Affected airports include Bologna Guglielmo Marconi Airport, Milan Linate Airport, Treviso Airport, and Venice Marco Polo Airport.
Reports from ANSA say priority access to fuel will be given to emergency services, such as ambulance and state flights, as well as long-haul flights exceeding three hours.
Other flights could face restrictions until at least 9 April.
The Strait of Hormuz, one of the most important waterways in the world, has been effectively shut off since the US-Israeli war with Iran broke out in late February.
With its key role in the global trade of oil, its closure has sent oil and gas prices soaring, and has destabilised economies across the world.
Danilo Recine, vice president of the ANPAC, told SkyTG24 that the current situation is unlikely to cause immediate cancellations in Italy – but warned ‘the problem will become a reality’ if no resolution is found to blockage affection oil shipments in the Gulf.
Italian Prime Minister Giorgia Melona visited several Gulf states over the weekend in a bid to secure continued access to critical energy supplies amid the ongoing conflict involving the US, Israel and Iran.
She vowed to act to ‘guarantee Italy has access to the energy supple it needs’, as reported by Politico.
Shortages could spread beyond Italy if the blockade continues, with major airports in the UK, such as Heathrow Airport, having already reported fuel-related disruptions, while key hubs in countries like France and Portugal may also be at risk.
In mid-March, Vietnam warned of possible flight cancellations from April, becoming the first country to sound the alarm after China and Thailand halted fuel exports to protect their own supplies.
Jet fuel prices in Europe have surged to record highs and are now nearly double pre-conflict levels, rising far faster than crude oil due to heavy reliance on Middle Eastern exports.
Traders warned of ‘acute tightness’ in the market next month as supplies dry up, while the International Air Transport Association told The Times the crisis had exposed ‘deep vulnerabilities in jet fuel security’.
Airlines are monitoring the situation closely, with one industry source warning it is a growing concern, particularly for long-haul operators.
Meanwhile, Ryanair chief executive Michael O’Leary warned that travellers face a summer of uncertainty if the Middle East conflict continues to disrupt global oil routes.
Speaking to Sky News, Mr O’Leary said that while the budget airline was ‘reasonably well-hedged’ on 80 per cent of jet fuel, passengers could be hit with disruption from ‘early May’.
‘Fuel suppliers are constantly looking at the market. We don’t expect any disruption until early May,’ O’Leary said.

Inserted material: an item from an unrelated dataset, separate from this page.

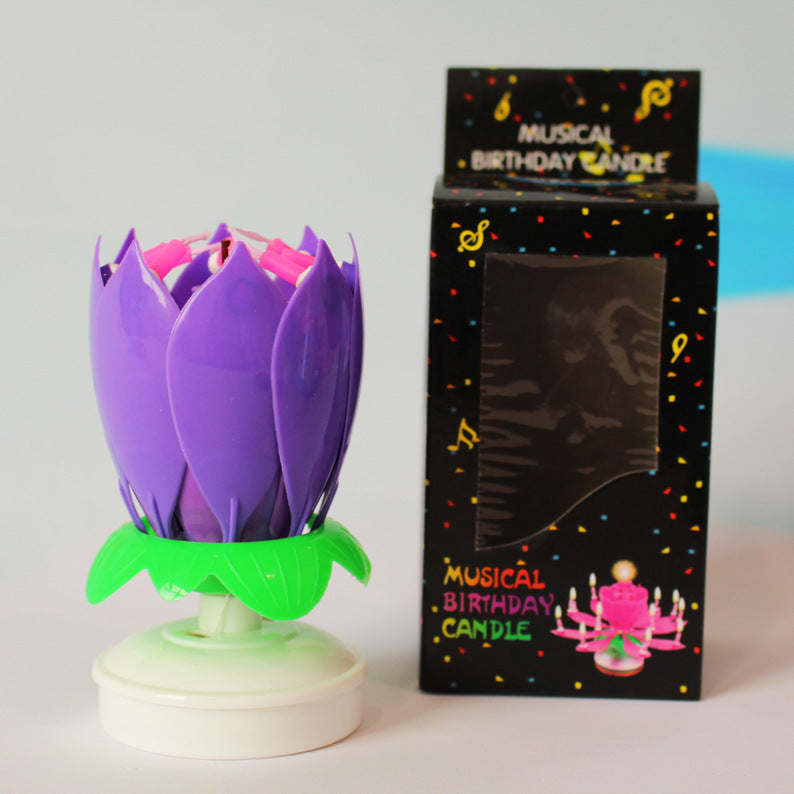 Lotus candle holder magical birthday candle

‘But if the war continues, we do run the risk of supply disruptions in Europe in May and June, and we hope the war will finish sooner than that and the risk to supply will be eliminated.’
Revealing he was paying $150 (£113.21) a barrel for around 20 per cent of his fuel, he insisted the more ‘immediate concern’ was if there would be enough jet fuel to keep planes flying.
He said the travel industry was under the heel of the war in the Middle East as Donald Trump dramatically washed his hands of the crisis and told the UK to ‘go get your own oil’.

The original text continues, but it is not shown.